Так нас встречают люди. Но зачем
Они цепляются так за мирки свои, не мы ли
Предвосхищаем их во всём?
Во всём великом и ничтожно малом?
Вы – лишь ступень, что, впрочем,
Ступенью быть не хочет».
Я не знал, что ответить на этот поток мыслей чужого во всех смыслах существа. Оно же, опять взяв короткую паузу, продолжало:
«Таких как ты, как он и как она все лнео презирают, ну а я
Люблю. Ты знаешь почему? Не знаешь, угадать не думай
Ответ скрыт глубоко в моём нутре, надёжней сердца.
Поведаю тебе: товарищи мои порождены лишь нашим миром,
А я – дитя престранного сплетения культур.
Покончим с этим. Нам пора. Свершим же ритуал.
Подай оружье, что желаешь поднести мне в дар».
Я, до конца не понимая, что происходит, вытаскиваю единственное оружие, что у меня осталось – заточку. Подумав, обматываю её чётками и протягиваю шарниру. Полированный принимает её. Тем временем крашеный взял остатки своего собрата и потащил их на корабль. Полированный заговорил вновь:
«Твой дар я принимаю, а теперь же
Изволь и наказанье понести.
Страданьем жизнь окрасится,
Так избери же часть,
Которой жертвуешь во благо своей жизни.
Ответ?»
– Правая нога, – уверенно говорю я, облизнув пересохшие губы.
Крашеный, который как раз выходил из корабля, неся какой-то продолговатый предмет, после моих слов мгновенно выстрелил из одного из своих пистолетов. Пуля прошла навылет, я почти не почувствовал её. Полированный вопросительно склонил голову вбок, после чего мою ногу прошил ещё один выстрел. Я всё еще не издавал звуков. Лнео без каких-либо прелюдий подошёл ко мне и поднял штанину на простреленной ноге. Ему открылась ещё одна штанина. Я не сопротивлялся. Он поднял и её. Обнаружив под ней протез, он на секунду замер, после чего отошёл и вновь начал декларировать:
«Я понял – это юмор, шутка, в которых люди хороши бывают.
А что я? Я – металл, и я далёк от понимания вещей таких.
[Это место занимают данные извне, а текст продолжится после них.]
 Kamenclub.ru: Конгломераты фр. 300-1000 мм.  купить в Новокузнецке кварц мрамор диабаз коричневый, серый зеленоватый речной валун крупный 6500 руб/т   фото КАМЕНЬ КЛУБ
Они столь притягательны, охота мне познать их.
Прервёмся же. Для шутки мой черёд».
С этими словами крашеный бросил ему продолговатый предмет и один из своих пистолетов. У меня промелькнула мысль о сопротивлении, но я даже среагировать не успел. Одним движением блестящий направил ствол мне в голову. Всё замерло. Я, стыдно признавать, тоже. Лнео выстрелил.
Гремит взрыв, и пистолет разрывает в руках шарнира. Я порадовался, что под шлемом не видно моего ошарашенного лица. Бубнов же, стоящий где-то на заднем плане, усмехнулся. Полированный снова начал нести свой бред:
«Противник мой заклятый от рождения,
Друг нежный, оценил ли
Ты сей бесхитростный, но искренний порыв?
Ответь же».
Мне показалось, что я потерял связь с реальностью. Что происходит вообще? Ну, то есть по отдельности понятно – Бубнов стоит и ждёт чего-то, крашеный затаскивает неповреждённые капсулы в корабль, полированный продолжает говорить со мной. Но суть происходящего от меня ускользала.
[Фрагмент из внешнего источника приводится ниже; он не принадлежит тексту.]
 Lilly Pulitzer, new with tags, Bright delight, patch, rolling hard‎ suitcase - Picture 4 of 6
– Хорошая шутка, – говорю я как можно более спокойным голосом. – У меня чуть сердце не остановилось.
Кажется, я начал понимать. Этот лнео вел себя с людьми так, чтобы как можно больше походить на собеседника. Однако стоит быть честным и признать, что на шизофреника он походил больше. Думаю, это издержки их нечеловеческого мировосприятия, которое снова заструилось на меня из динамика шарнира:
«Да будет так. Теперь настало время расставанья
Пускай ты испоганил планы нам – сполна
Расплатишься за это в своё время,
Коль рок зловещий соизволит покарать
Твоё столь вредное для нас непослушанье.
Подумать только – столько сил пропало зря.
Убито, смято, втоптано. Истёрто в пыль
Задуманное нами. Но пускай
Не получилось ничего на Пило-Глачес,
Попробуем мы снова – не впервой
Такое дело начинать нам. Всё же жаль,
Когда одно из сотен яблок порчено червём,
Когда из тысячи побед выходит пораженье,
Когда тот план, что столь секретен был,
Идёт ко дну, как судно с диверсантом.
Теперь прими ты наш ответный дар,
Символизирующий душ людских пожар».
Сверкающий протянул мне переданный ему крашеным предмет. Это оказался меч в полимерных ножнах, обмотанных какой-то верёвкой. Я постеснялся сразу же достать его и просто держал подарок в руках.
– Капитан Бубнов, вы разжалованы в лейтенанты! – сказал полированный, резко отвернувшись. – У вас имеется две минуты для прощания, после чего вы будете отконвоированы на заседание трибунала.
Пурга окончательно стихла. Темнело, на небе проступали звёзды. Полированный тоже занялся переноской капсул в корабль. Бубнов молча смотрел на меня. Я, подумав, начал разговор:
– Это они же два раза нас в космосе ловили, верно?
– Угу.
– Зачем?
– Некоторые вещи нельзя отправить по почте.
Я попытался понять, что именно имел в виду капитан, но быстро сдался и решил не затягивать паузу.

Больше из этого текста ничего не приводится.